__THE PROBLEM__
Starting at the first line of the data, please print exactly those lines through the one that holds "VALERIAOBBACO/瓦莱丽娅 奥贝科VO撞色线条复古针织上衣", omitting every picture.

+++ DATA RECORDS +++

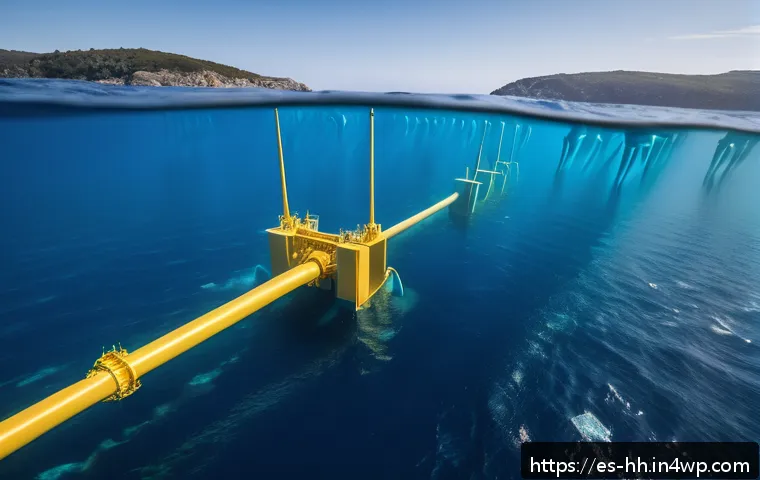 심해 식민지에서의 대체 에너지 활용 - Underwater tidal turbine installation off the coast of Galicia, Spain, showcasing large submerged tu...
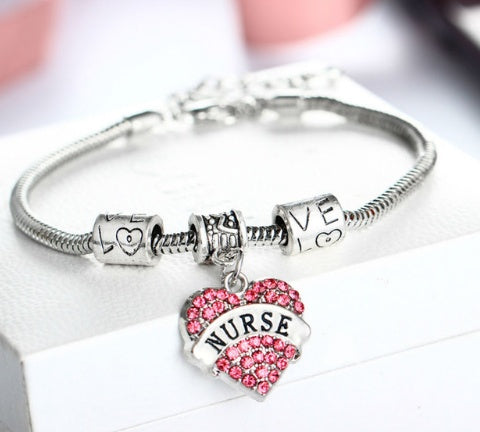 "A Nurse's Heart" - Charm Bracelet
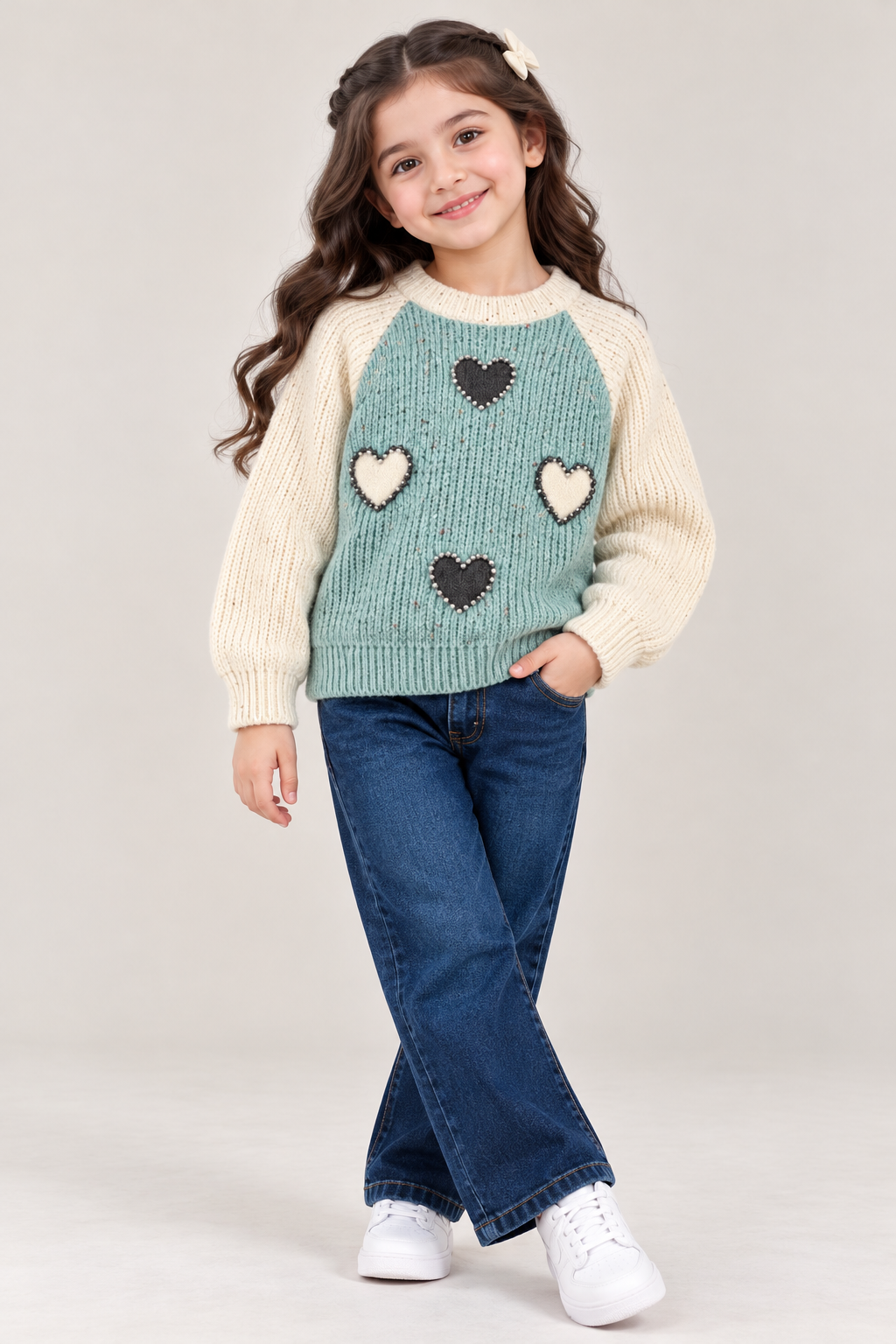 Pearl heart sweater
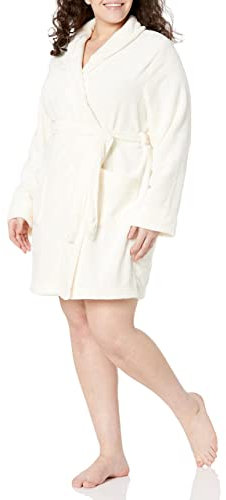 Amazon Essentials Vestaglia in Pile Ai Media Lunghezza (Taglie Forti Disponibili) Donna, Crema, M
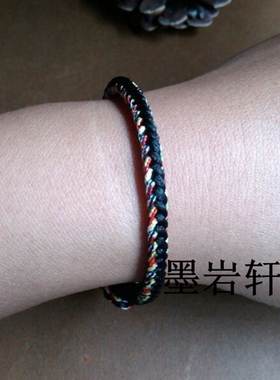 原创黑色金刚结小众设计款五彩绳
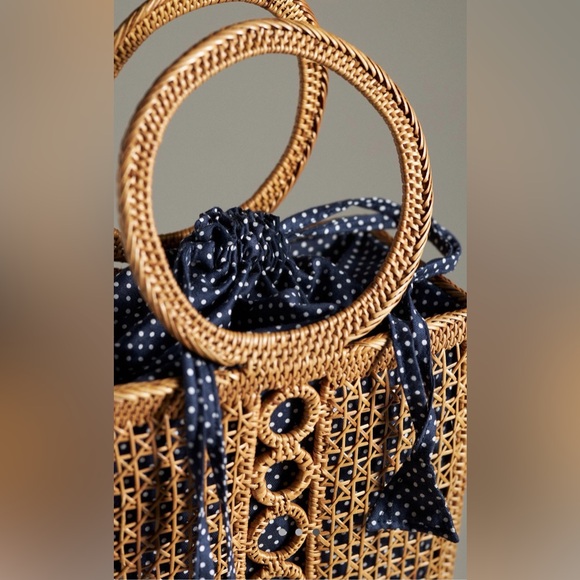 Anthropologie Woven Textured Bali Tote, NWT - Picture 2 of 5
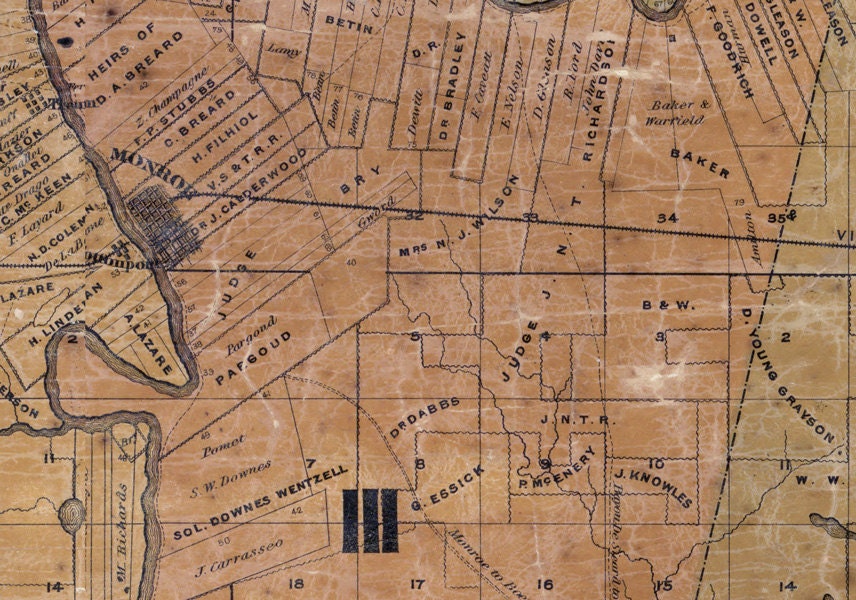 1858 Map of Ouachita County (Parish) Louisiana Plantations Farms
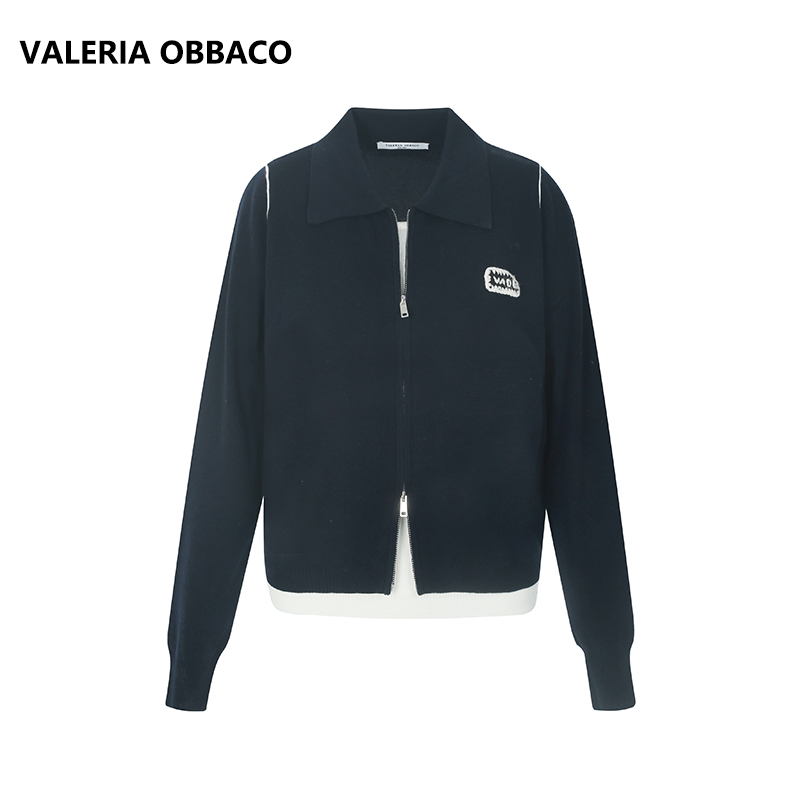 VALERIAOBBACO/瓦莱丽娅 奥贝科VO撞色线条复古针织上衣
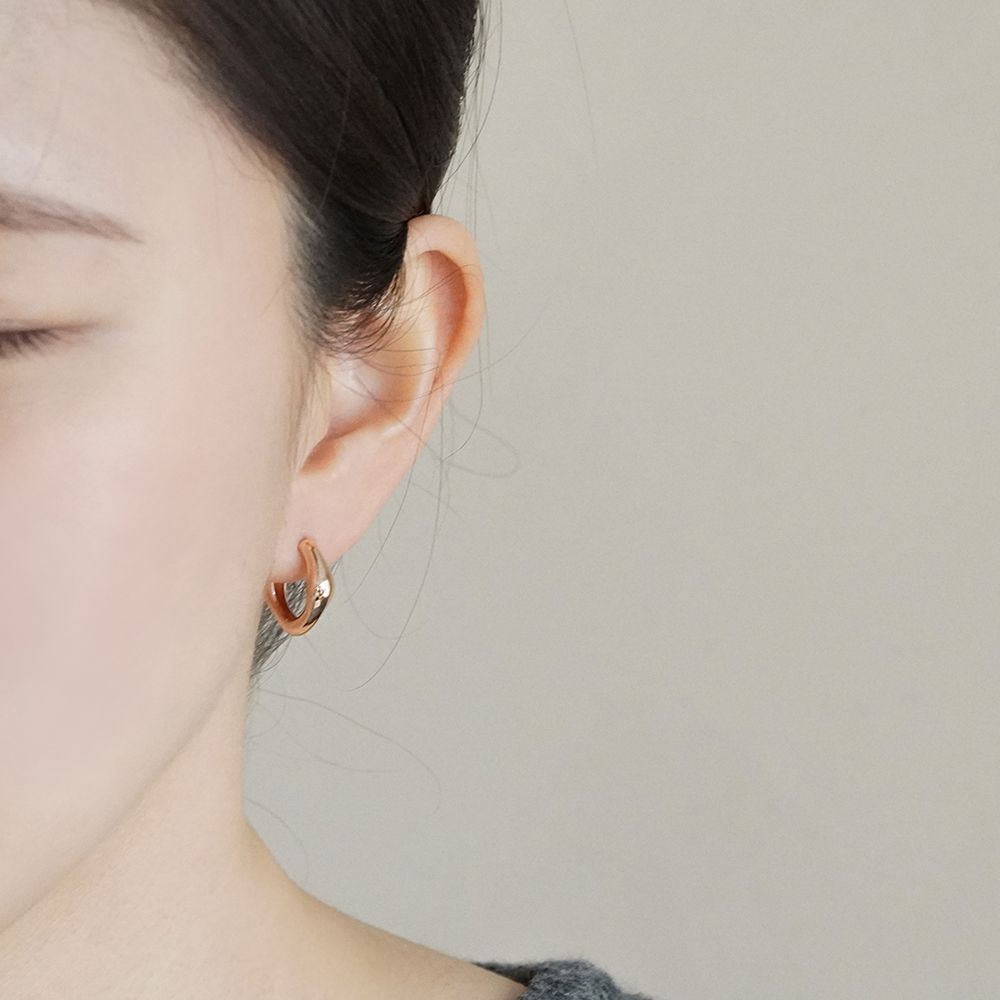14K 18K 스퀘어 원터치 링 금 귀걸이 볼드 이미지 7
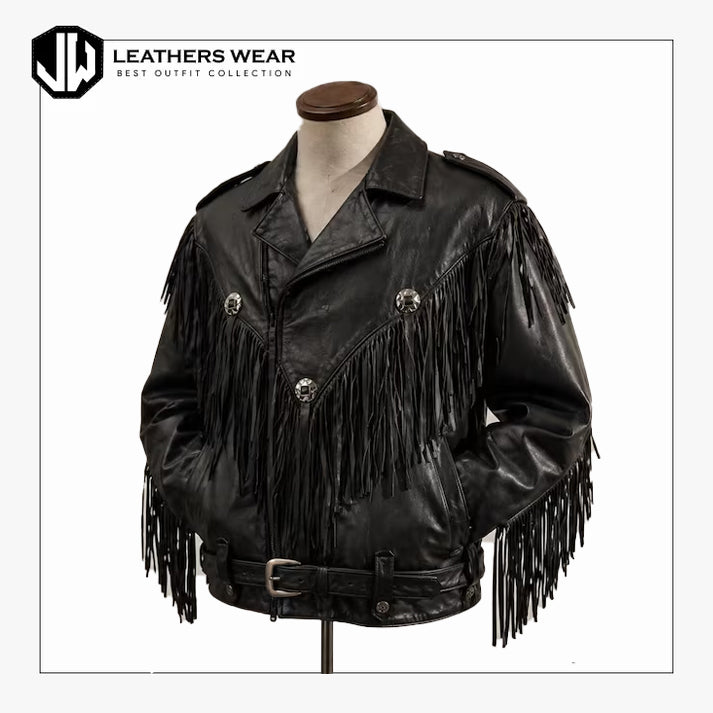 Black Leather Fringe Jacket Men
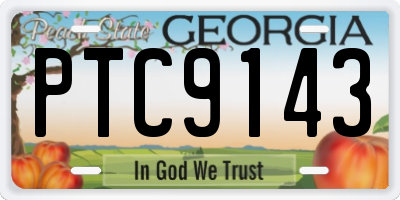 GA license plate PTC9143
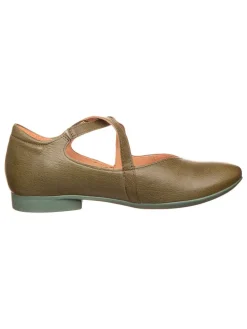 Leder-Spangenballerinas in Khaki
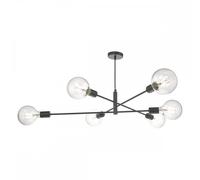 Dar Lighting Dar Alana 6 Light Ceiling Pendant in Matt Black Finish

+++

__ANSWER FOR THIS EXERCISE__
 심해 식민지에서의 대체 에너지 활용 - Underwater tidal turbine installation off the coast of Galicia, Spain, showcasing large submerged tu...
 "A Nurse's Heart" - Charm Bracelet
 Pearl heart sweater
 Amazon Essentials Vestaglia in Pile Ai Media Lunghezza (Taglie Forti Disponibili) Donna, Crema, M
 原创黑色金刚结小众设计款五彩绳
 Anthropologie Woven Textured Bali Tote, NWT - Picture 2 of 5
 1858 Map of Ouachita County (Parish) Louisiana Plantations Farms
 VALERIAOBBACO/瓦莱丽娅 奥贝科VO撞色线条复古针织上衣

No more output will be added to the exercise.